In the data below, the copy begins at the line containing "New 2026 Chevrolet" and runs through the last line; repeat those lines exactly, minus the pictures.
Data shown section start
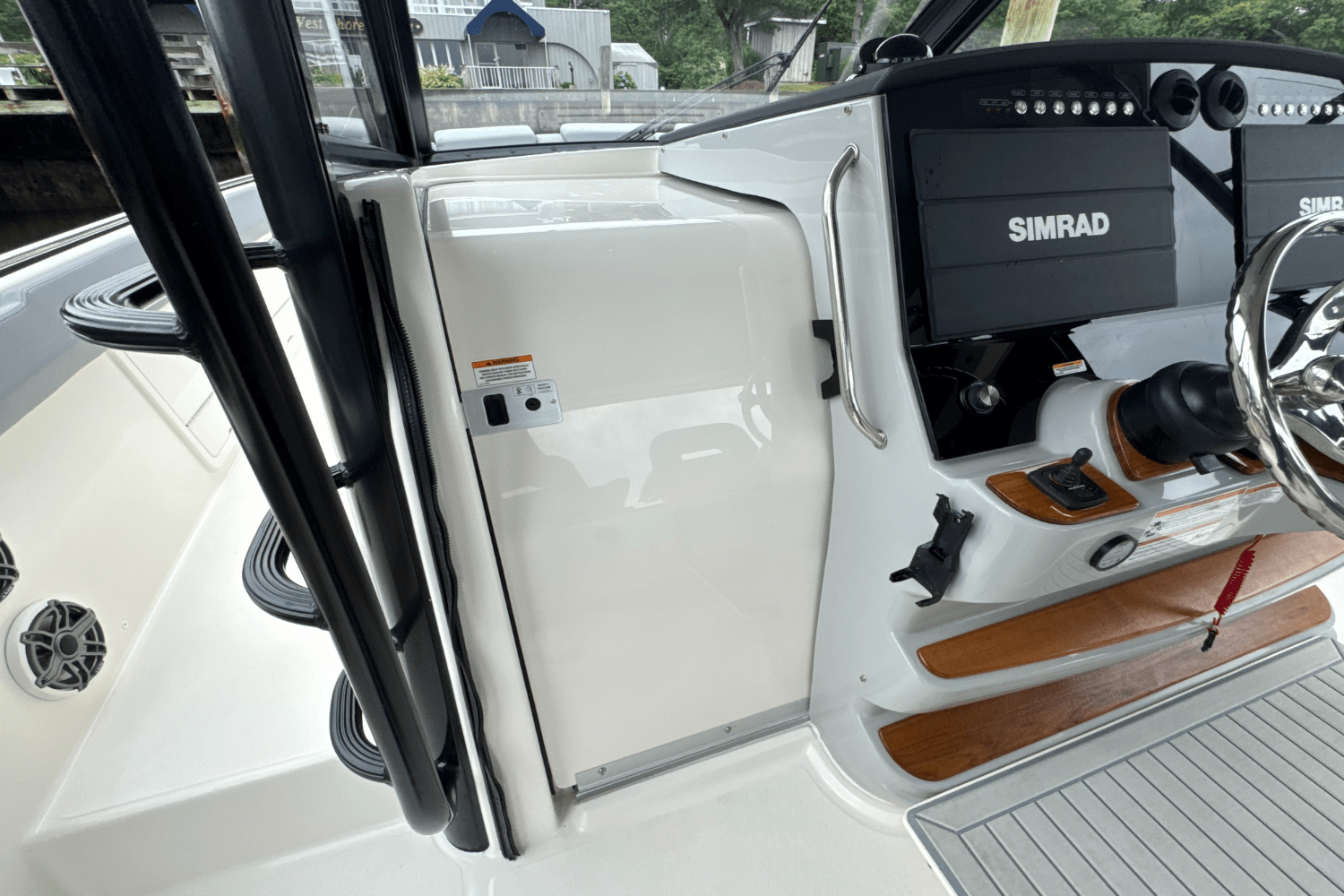 Slide: The Image of Boston Whaler 420 Outrage 2025 - 66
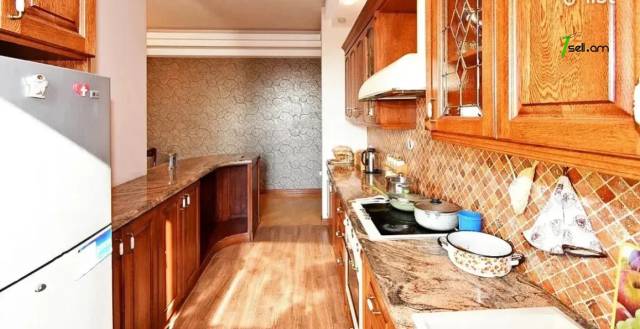 2 սենյականոց բնակարան նորակառույց շենքում Ադոնցի փողոցում, 80 ք.մ., 4/18 հարկ, բարձր առաստաղներ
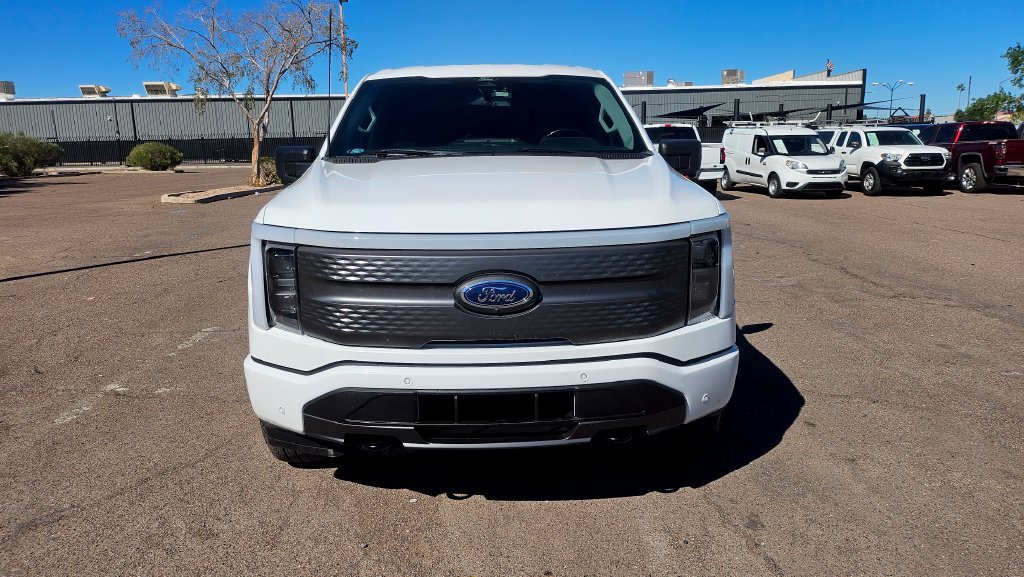 Used 2022 Ford F150 Lightning XLT AWD/4WD image 3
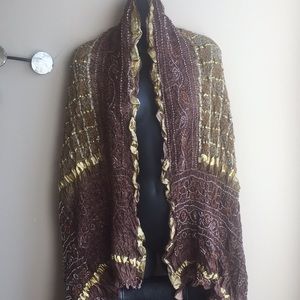 Beautiful crushed silk scarf.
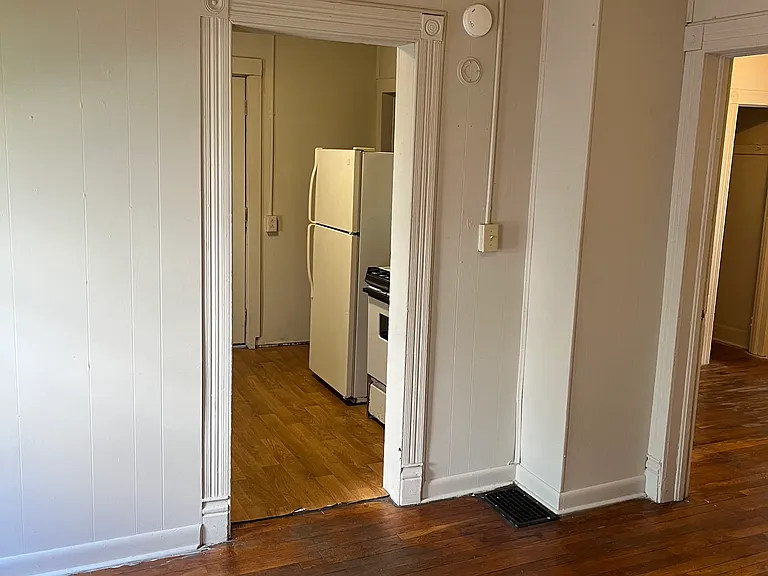 4 Truesdell St #2R — Photo 6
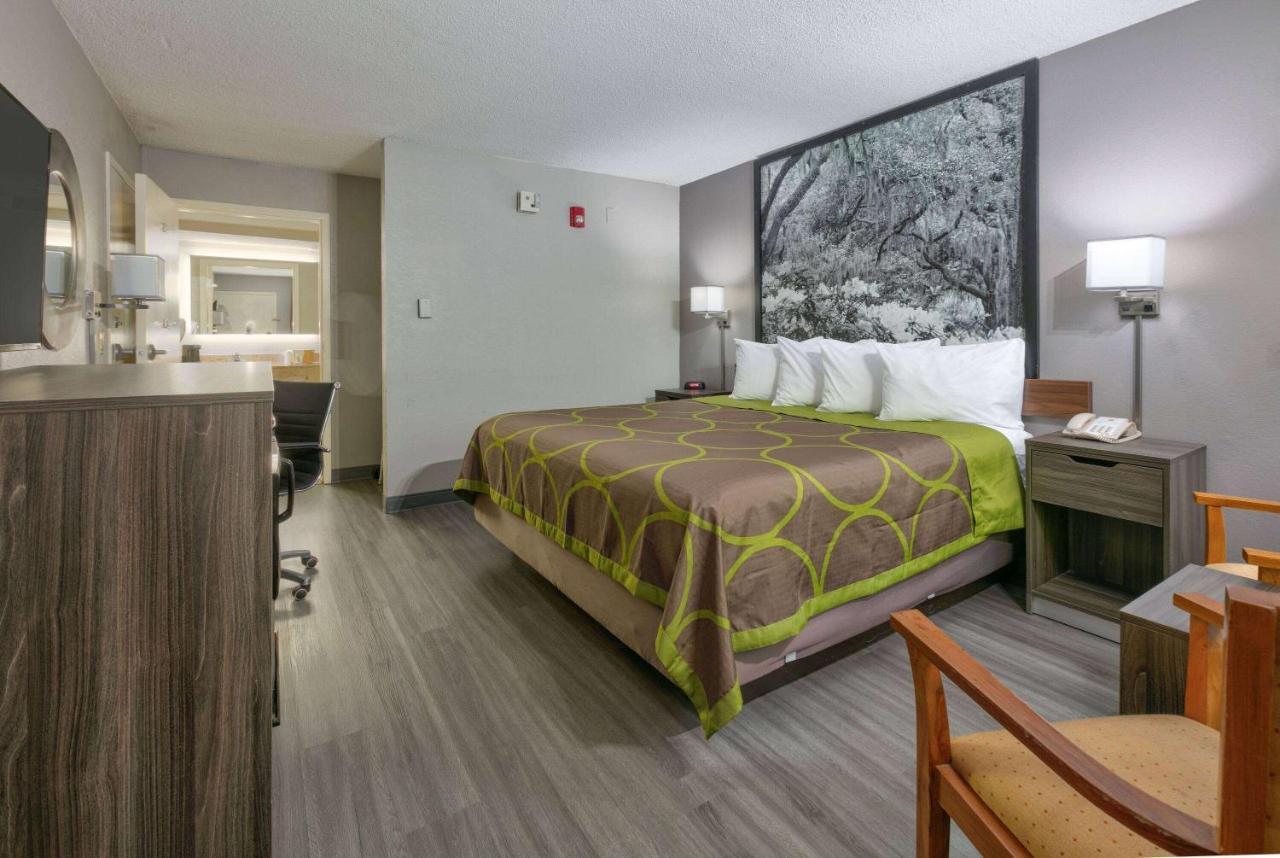 Super 8 By Wyndham Diberville Biloxi Area Exteriér fotografie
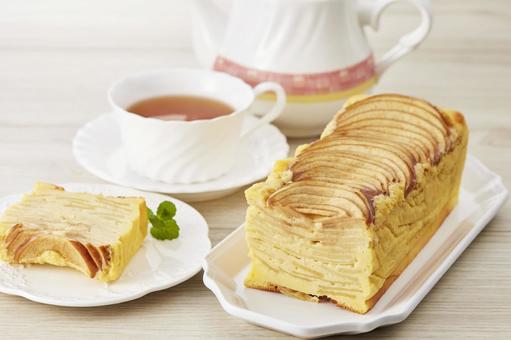 ガトーインビジブル 紅茶 ガトーインビジブル 紅茶 ガトーインビジブル,スライス,紅茶の写真素材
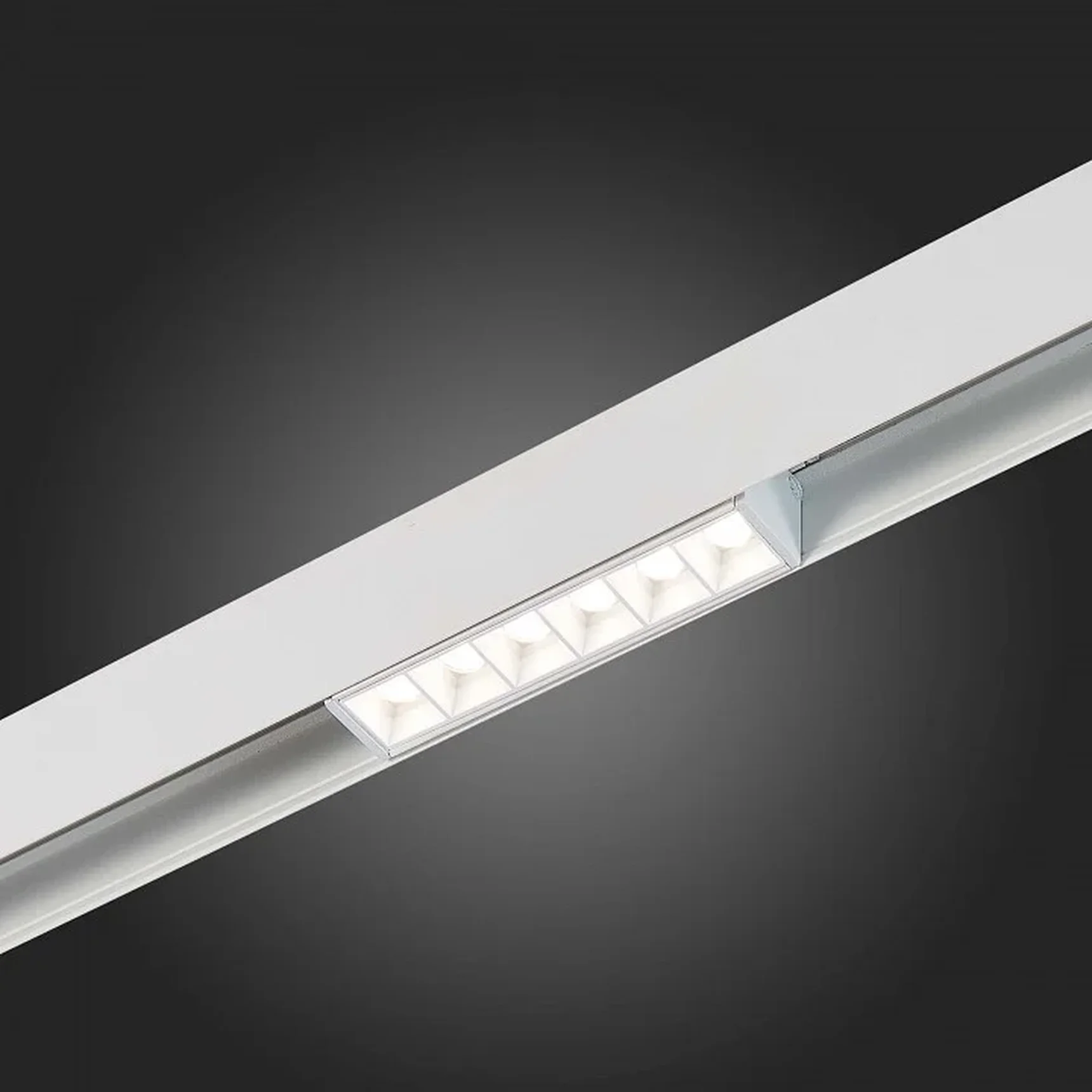 Магнитный трековый светильник белый LED 1*6W 4000K 532Lm Ra>80 36° IP20 L115xW22xH44 48V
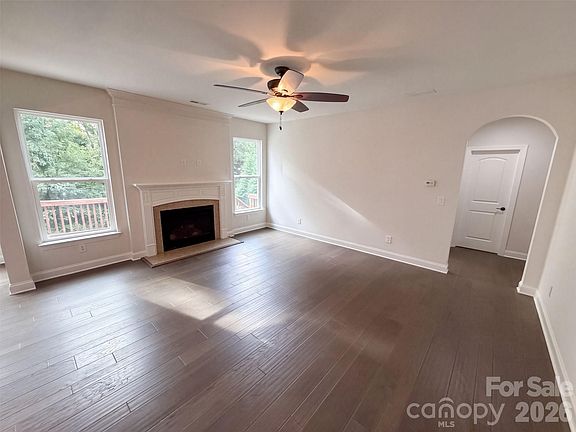 3rd image of 2530 Logan Caroline Ln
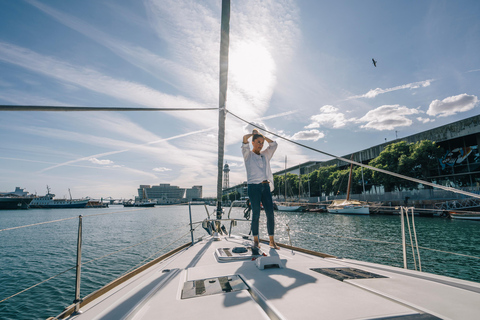 Barcelona: Excursión en velero con tapas, bebidas y parada para nadar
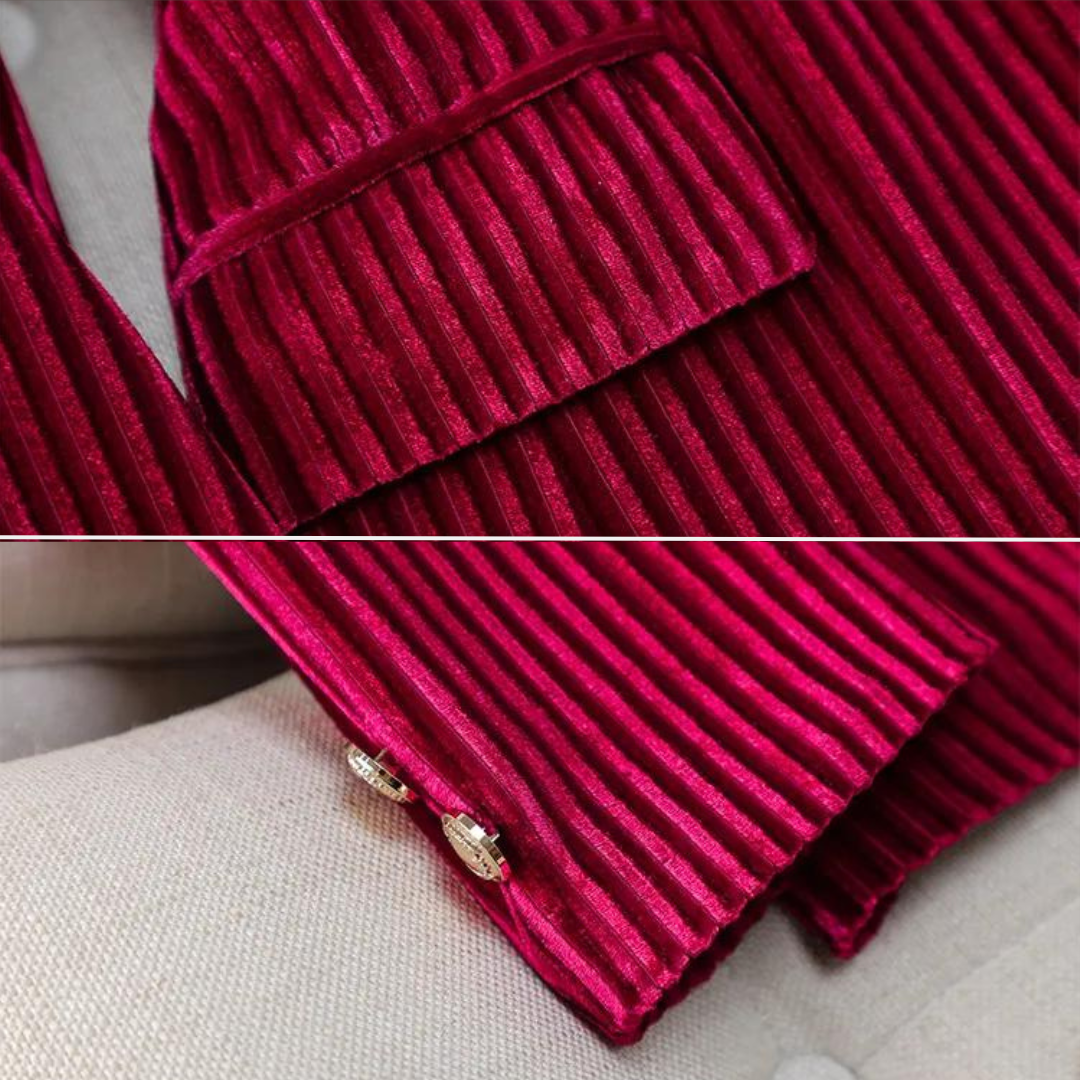 SCARLETT VELOURA - Ensemble Blazer Élégant Grande Taille Découvrez notre ensemble SCARLETT VELOURA, une création mode grande taille qui incarne la sensualité du velours et l'élégance française. Ce blazer grande taille en velours somptueux offre une silhou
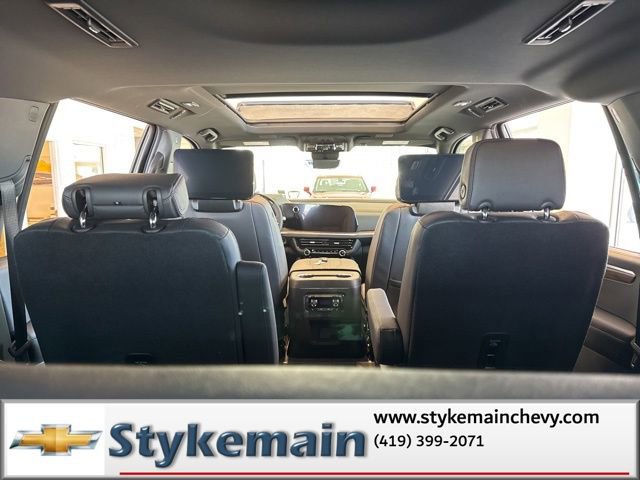 New 2026 Chevrolet Suburban High Country image 13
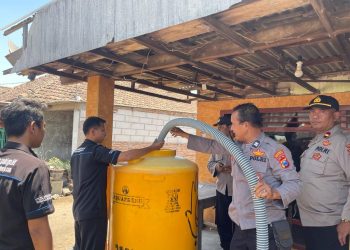 Sambut HUT Humas Polri Ke-72, Polresta Sidoarjo Berikan Bantuan Air Bersih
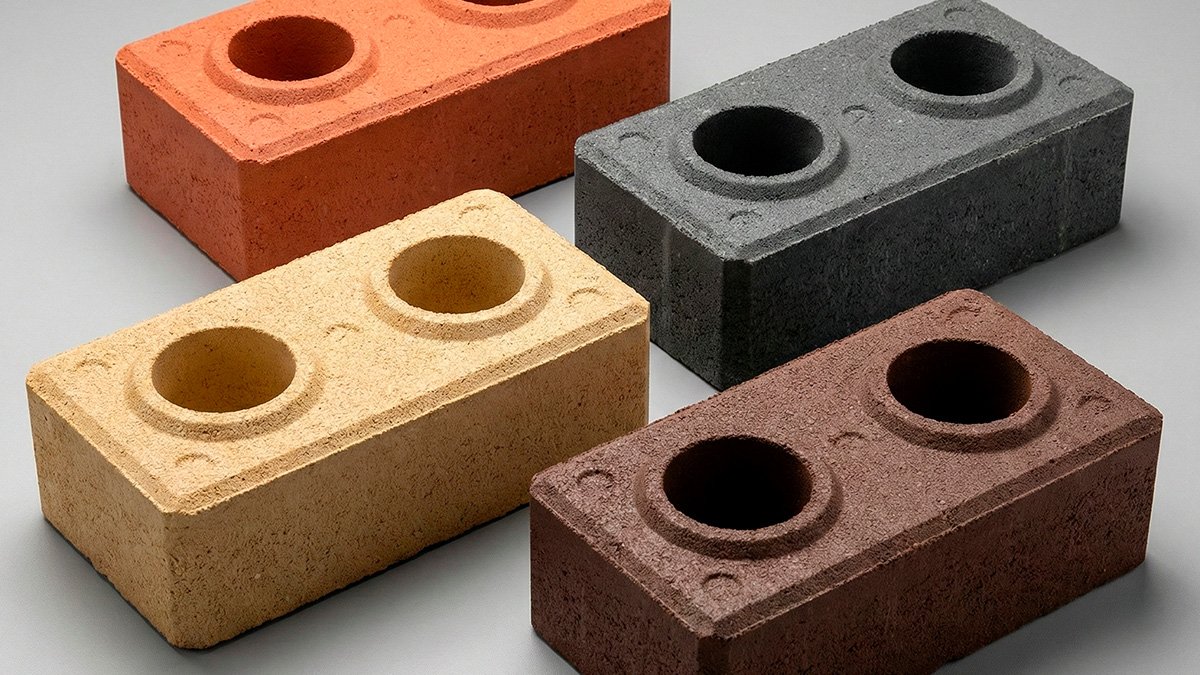 Mostruário com tijolos de solo cimento de diferentes cores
Data shown section end
#### Expected output:
 New 2026 Chevrolet Suburban High Country image 13
 Sambut HUT Humas Polri Ke-72, Polresta Sidoarjo Berikan Bantuan Air Bersih
 Mostruário com tijolos de solo cimento de diferentes cores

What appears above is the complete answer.